■ **Task to carry out**: Exactly the lines from the beginning of the records below through the line with "FINETOO Ice Silk" must be given again, without pictures.

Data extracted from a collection
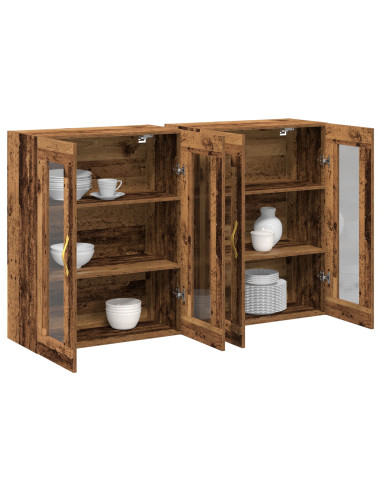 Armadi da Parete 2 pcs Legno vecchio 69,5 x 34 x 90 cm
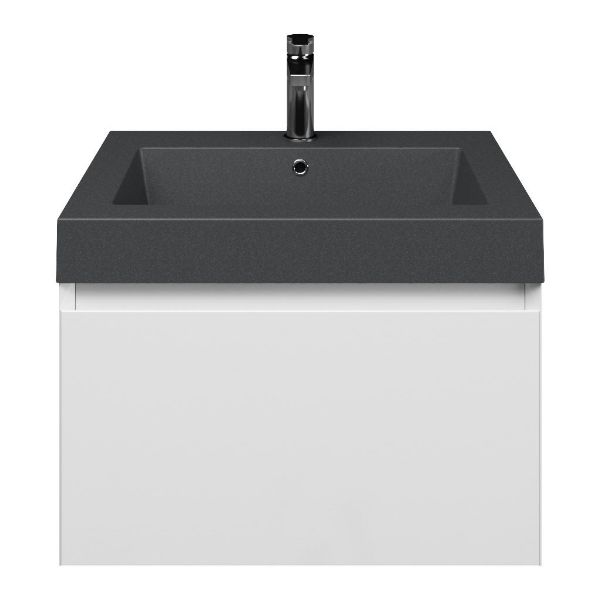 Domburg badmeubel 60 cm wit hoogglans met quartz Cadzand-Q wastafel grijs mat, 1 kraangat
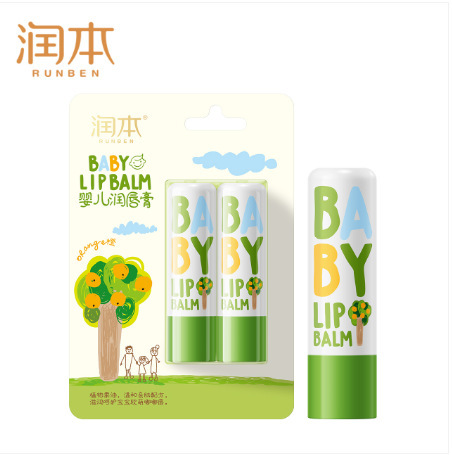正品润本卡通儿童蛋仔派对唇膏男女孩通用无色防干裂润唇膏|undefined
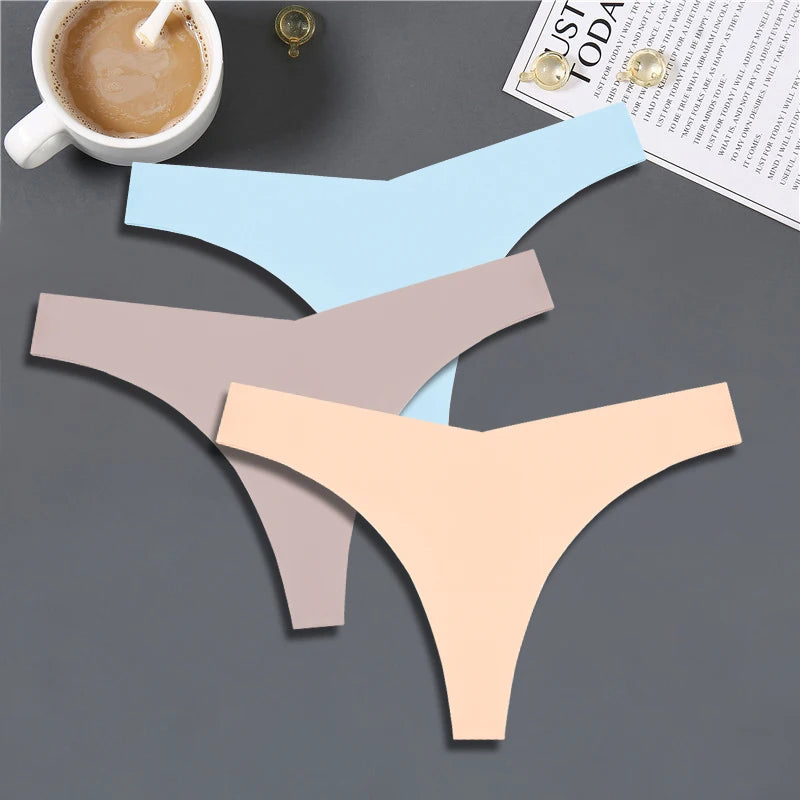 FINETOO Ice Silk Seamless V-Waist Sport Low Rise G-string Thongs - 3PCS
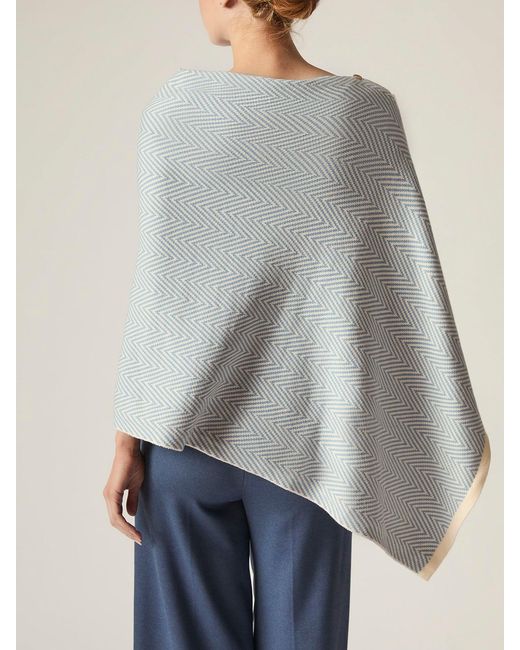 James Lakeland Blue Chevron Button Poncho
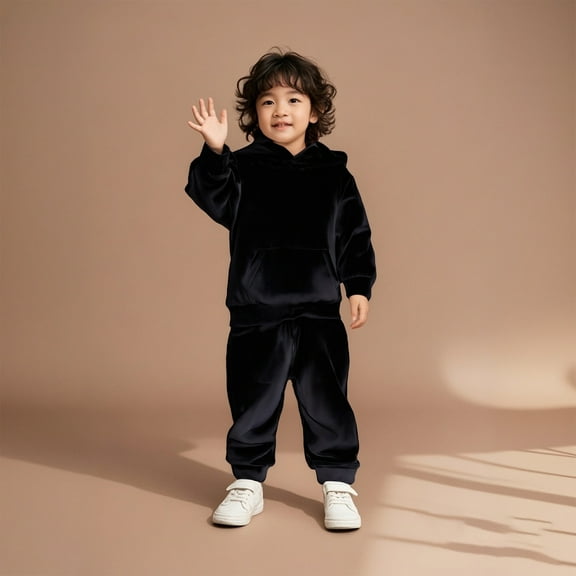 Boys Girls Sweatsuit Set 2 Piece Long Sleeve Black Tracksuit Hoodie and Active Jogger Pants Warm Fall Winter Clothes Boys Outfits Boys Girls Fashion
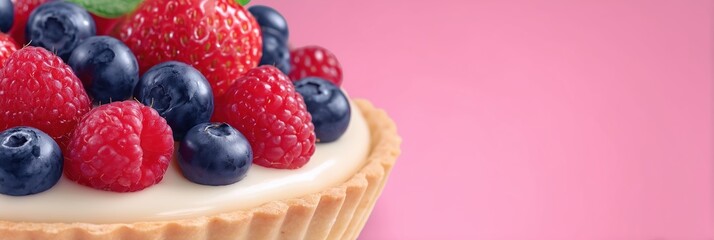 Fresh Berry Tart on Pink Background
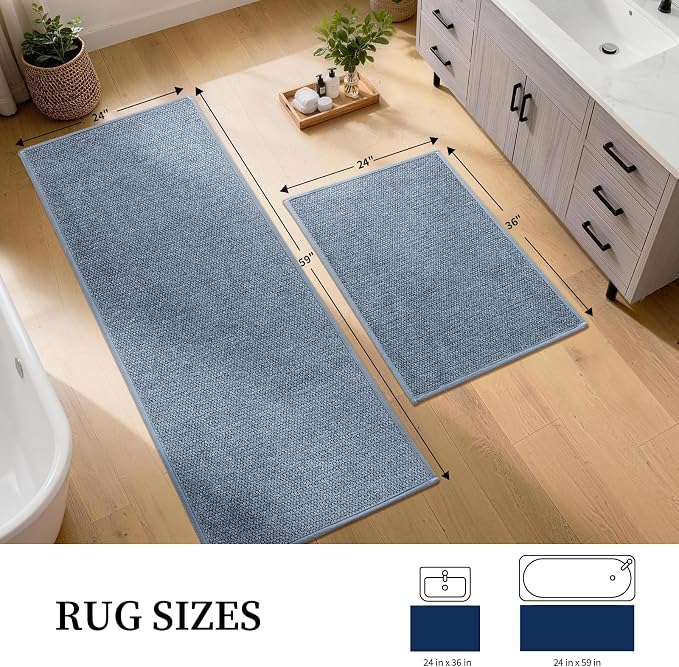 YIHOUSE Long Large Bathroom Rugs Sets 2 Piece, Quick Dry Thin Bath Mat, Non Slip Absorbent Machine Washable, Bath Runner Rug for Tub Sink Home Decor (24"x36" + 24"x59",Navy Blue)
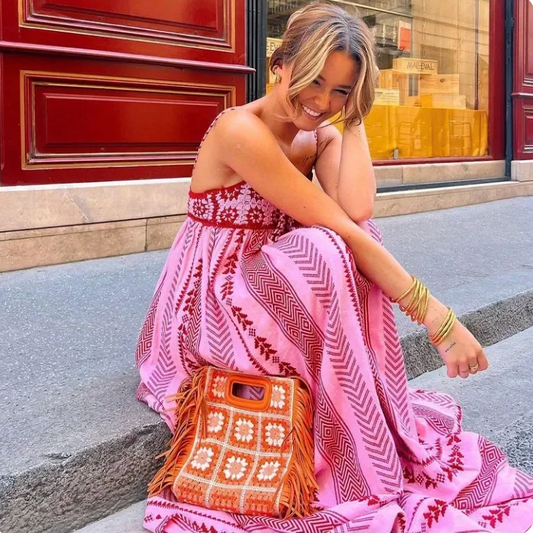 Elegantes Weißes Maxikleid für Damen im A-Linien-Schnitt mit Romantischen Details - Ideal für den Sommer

■ **Result**:
 Armadi da Parete 2 pcs Legno vecchio 69,5 x 34 x 90 cm
 Domburg badmeubel 60 cm wit hoogglans met quartz Cadzand-Q wastafel grijs mat, 1 kraangat
正品润本卡通儿童蛋仔派对唇膏男女孩通用无色防干裂润唇膏|undefined
 FINETOO Ice Silk Seamless V-Waist Sport Low Rise G-string Thongs - 3PCS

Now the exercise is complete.